Druga podobna impreza miała miejsce dwa tygodnie później, ale już na większą skalę. To oczywiście radomski AirShow. Najciekawsze są oczywiście dwa dni poprzedzające ją. Staram wtedy znaleźć jak najlepsze miejsce poza lotniskiem. Odbywają się wtedy przyloty i treningi.
Na lotnisku słońce niestety świeci prosto w obiektyw, w odpowiednich miejscach poza nim warunki są dużo lepsze. We czwartek byłem z synem. Orliki mu się bardzo podobały, niestety Iskry przelatujące nad jego głową zmusiły nas do odwrotu :-( Miał dopiero dziewięć miesięcy.
W piątek spędziłem pod lotniskiem więcej czasu, czego nie mogę żałować:


Obrazek

Jak zapewne wszyscy wiecie, w sobotę pogoda była fatalna, praktycznie nic nie latało. Jedyną zdobyczą, ale za to IMHO bardzo cenną była książka M. Hermaszewskiego z osobistą dedykacją. Stałem za nią dwie godziny w ulewnym deszczu. Potem tradycyjna pizza i piwo z kumplami na osiedlu.

W niedzielę wybraliśmy się całą rodziną, to jest mój dziewięciomiesięczny syn, żona i ja. Nie widziałem ostatnich akrobacji tego myśliwca ze zdięcia powyżej - akurat zajmowałem się synem. Gdy miałem aparat w ręku, aby jeszcze raz uchwycić identyczne z piątkowym wyrzucanie flar i podniosłem, wzrok ujrzałem już tylko wznoszący się obłok czarnego dymu poza lotniskiem - pewnie jeszcze długo tego widoku nie zapomnę. Potem nastąpiła krótka i dosadna wymiana kilku poważnych przekleństw pomiędzy mną a znajomymi, związana bezpośrednio z przebiegiem zdarzeń. Żona zarządziła odwrót, ja się nie sprzeciwiłem, zważywszy ma moje maksymalne zasmucenie.

I tak zaczęło się przygotowywanie do wyjazdu do Chorwacji - zostało pięć dni.

CDN.
Rafal_X
Croentuzjasta
Avatar użytkownika
Posty: 205
Dołączył(a): 28.06.2009

Nieprzeczytany postnapisał(a) Rafal_X » 22.09.2009 23:13

A teraz wracamy do właściwej imprezy, czyli wyjazdu w kierunku południowo-zachodnim.

Po licznych rozmyślaniach wyjazd nastąpił w piątek po południu. Powodem tego był krótki urlop mojej żony oraz fakt, iż pierwszy raz jechaliśmy tak daleko z naszym dziewięcioipółmiesięcznym synem - obawialiśmy się trochę jego zachowania i postanowiłem, że pociągnę nocą. W Radomia wyjechaliśmy ok. 15.30, przejechanie 8km przez miasto zajęło nam pół godziny, tylko dzięki CB udało się pewien miejski fragment "siódemki" ominąć. Dalsza podróż prowadziła do Miechowa, stamtąd przez Wolbrom i Olkusz do "jedynki", "jedynką" do Cieszyna. Tutaj zatankowałem i kupiłem winiety słowacką i austriacką. Była to bardzo dobra idea, gdyż potem nie musiałem się zatrzymywać w ich poszukiwaniu.
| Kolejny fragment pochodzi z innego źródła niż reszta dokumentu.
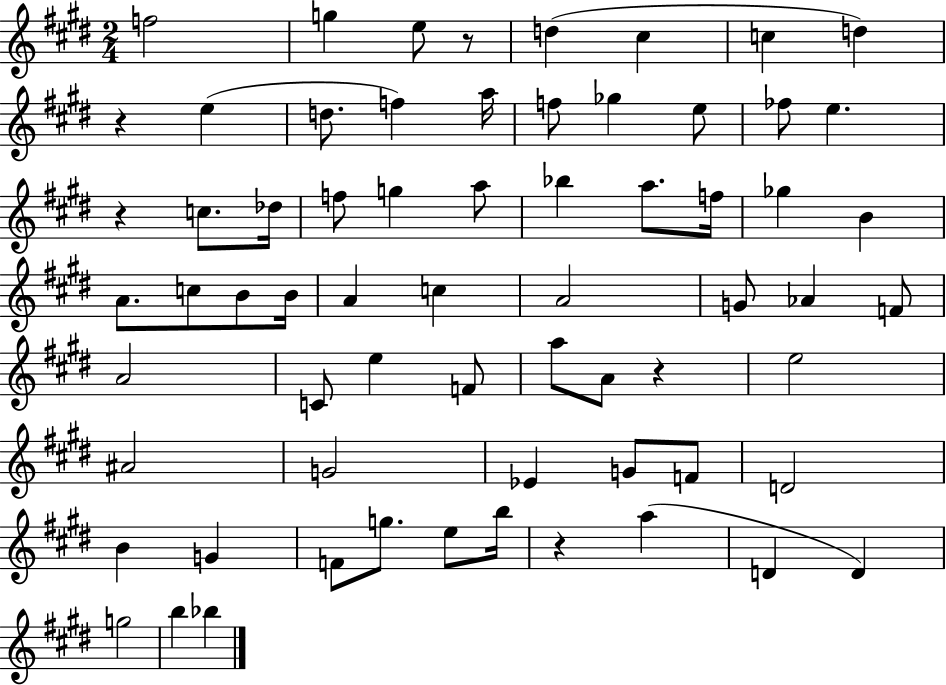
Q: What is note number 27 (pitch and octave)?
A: A4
Za Cieszynem trochę rozczarował mnie czeski odcinek E75. Droga jak polska trzycyfrówka. W pewnym momencie już nawet nie wiedziałem, czy jadę przez zabudowany, czy nie. Na Słowacji droga do autostrady już jest dużo lepsza. Ale okazuje się, że jej kawałek w okolicach miejscowości Povażska Bystrica (jak dobrze pamiętam! - jechałem po zmierzchu w obie strony) jest zupełnie zamknięta. Objazd prowadzi zwykłą drogą przez miasto. Dalsze zwężenia do Bratysławy związane z remontem wcale nie są takie upierdliwe, jak niektórzy na tym forum twierdzą.

Na przedmieściach Bratysławy byliśmy o północy. Byłem już trochę zmęczony, ale nie chciało mi się jeszcze spać. Spał za to nasz najmłodszy podróżnik i pojechaliśmy jeszcze za Wiedeń. W okolicach Wiednia zaczęły nas straszyć migające lampki na masztach wiatraków. Chwilę później oczarowało nas oświetlenie tamtejszej rafinerii. I zaczęło padać, oraz wiać. Cholera tam wiać, dęło tak, że bolały mnie ręce od trzymania kierownicy i utrzymania auta na jednym pasie. Jednak jadąc wysokim minivanem z boksem na dachu trzeba być czujnym przy bocznym wietrze. W końcu gdzieś około drugiej godziny zatrzymałem się na parkingu za Wiedniem na A2 i przespaliśmy się w aucie do siódmej.
Fotele w Matriksie składają się zupełnie płasko pod warunkiem maksymalnego cofnięcia tylnej kanapy, czyli minimalnej objętości bagażnika i osoby niezbyt długie mogą swobodnie spać.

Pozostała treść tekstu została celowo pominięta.